EXERCISE GOAL.
Look for the word "Photo" in the material below, then report each line where it occurs.

DATA.
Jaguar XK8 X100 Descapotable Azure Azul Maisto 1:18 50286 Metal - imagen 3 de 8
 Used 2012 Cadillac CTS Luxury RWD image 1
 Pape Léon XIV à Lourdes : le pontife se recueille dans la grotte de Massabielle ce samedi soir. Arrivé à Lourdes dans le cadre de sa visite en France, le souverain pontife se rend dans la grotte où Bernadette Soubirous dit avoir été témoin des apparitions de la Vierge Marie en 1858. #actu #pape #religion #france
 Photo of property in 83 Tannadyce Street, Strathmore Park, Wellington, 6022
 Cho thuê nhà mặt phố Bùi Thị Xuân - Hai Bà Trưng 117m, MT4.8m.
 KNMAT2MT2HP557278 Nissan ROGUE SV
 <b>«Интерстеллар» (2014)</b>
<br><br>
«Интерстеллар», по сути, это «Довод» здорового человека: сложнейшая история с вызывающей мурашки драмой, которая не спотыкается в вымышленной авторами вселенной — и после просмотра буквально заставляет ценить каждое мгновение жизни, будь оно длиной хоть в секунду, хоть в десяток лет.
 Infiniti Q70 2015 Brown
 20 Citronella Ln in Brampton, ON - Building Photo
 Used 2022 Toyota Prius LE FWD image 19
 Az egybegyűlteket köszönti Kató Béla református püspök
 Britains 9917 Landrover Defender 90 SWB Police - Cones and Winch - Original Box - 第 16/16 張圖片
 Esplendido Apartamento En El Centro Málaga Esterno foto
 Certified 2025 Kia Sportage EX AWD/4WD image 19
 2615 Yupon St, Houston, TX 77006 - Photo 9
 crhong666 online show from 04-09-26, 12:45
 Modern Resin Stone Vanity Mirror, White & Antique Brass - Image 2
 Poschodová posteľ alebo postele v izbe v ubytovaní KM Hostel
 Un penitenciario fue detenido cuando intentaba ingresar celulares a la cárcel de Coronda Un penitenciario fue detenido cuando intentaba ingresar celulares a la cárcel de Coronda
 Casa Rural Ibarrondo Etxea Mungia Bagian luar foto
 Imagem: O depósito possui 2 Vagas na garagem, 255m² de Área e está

ANSWER SECTION.
 Photo of property in 83 Tannadyce Street, Strathmore Park, Wellington, 6022
 20 Citronella Ln in Brampton, ON - Building Photo
 2615 Yupon St, Houston, TX 77006 - Photo 9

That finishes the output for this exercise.